Sinds wij ons kunnen heugen worden wij heen en weer geslingerd tussen twee overtuigingen:
1. Wij horen er niet bij. Wij schieten te veel tekort om het te redden in deze maatschappij.
2. Er zijn maar weinig mensen die aan ons kunnen tippen.
Beide zijn ongezond voor ons.
Zijn wij te veel alleen, komen wij te weinig tot vergelijk met andere mensen, dan blijven wij hangen in overtuiging 1. Verlamd door een negatief zelfbeeld denken wij dat de gewoonste dingen niet voor ons zijn weggelegd: een vaste baan, een gelukkig gezinsleven, een eigen huis. Ofschoon afgestudeerd leiden wij rond de dertig nog steeds een studentikoos leven, maar wel van een triest soort: zonder beloftevolle toekomst.

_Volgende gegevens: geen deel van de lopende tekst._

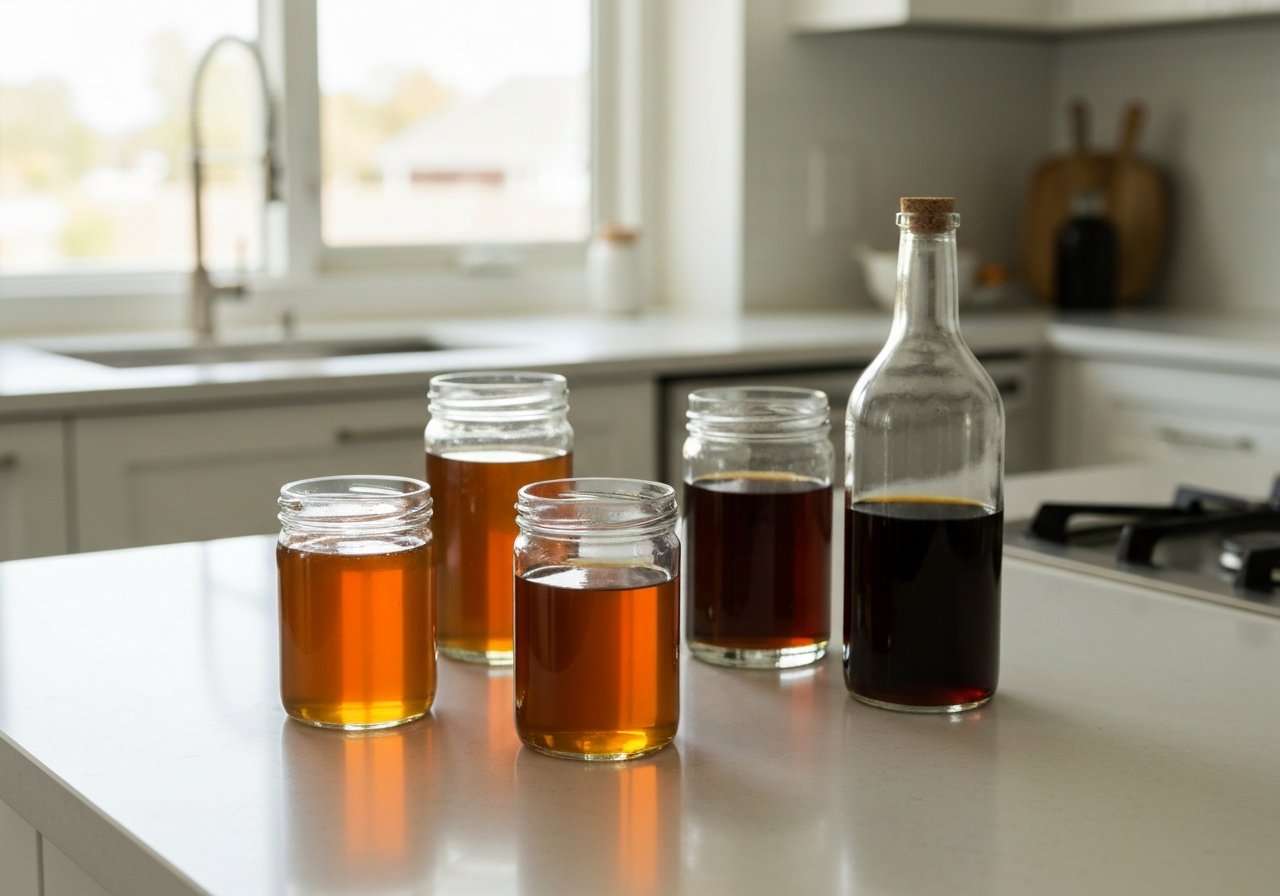 Domácí sirup: Hotový za 15 minut (Recept 2026) 3 Still life of natural sweeteners, amber honey, agave syrup, and chicory syrup in elegant glass jars, bright minimalist kitchen countertop, editorial food photography, soft natural morning light, 85mm lens, high resolution, no text, no letters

Gaan wij te veel om met gelijkgestemden die ons feliciteren met onze talenten, vergelijken wij ons met het grauw dat ons omringt op het werk en in onze vrije tijd, dan beginnen wij te geloven in een ons eigen superioriteit op de vlakken die ertoe doen. Enig maatschappelijk malfunctioneren dat wij vertonen komt voort uit deze superioriteit. Onaangepaste bohémiens zijn wij, die wel uitkijken onze beste jaren in suburbia te slijten. Wij leven ons leven zoals het ons goeddunkt en deconstrueren alle gangbare gewoontes en conventies. Goede smaak en maatschappelijk makkelijk functioneren gaan moeilijk samen. Wij houden ons liever stil dan dat wij een voorspelbaar gesprek voeren over zaken die ons toch al niet interesseren.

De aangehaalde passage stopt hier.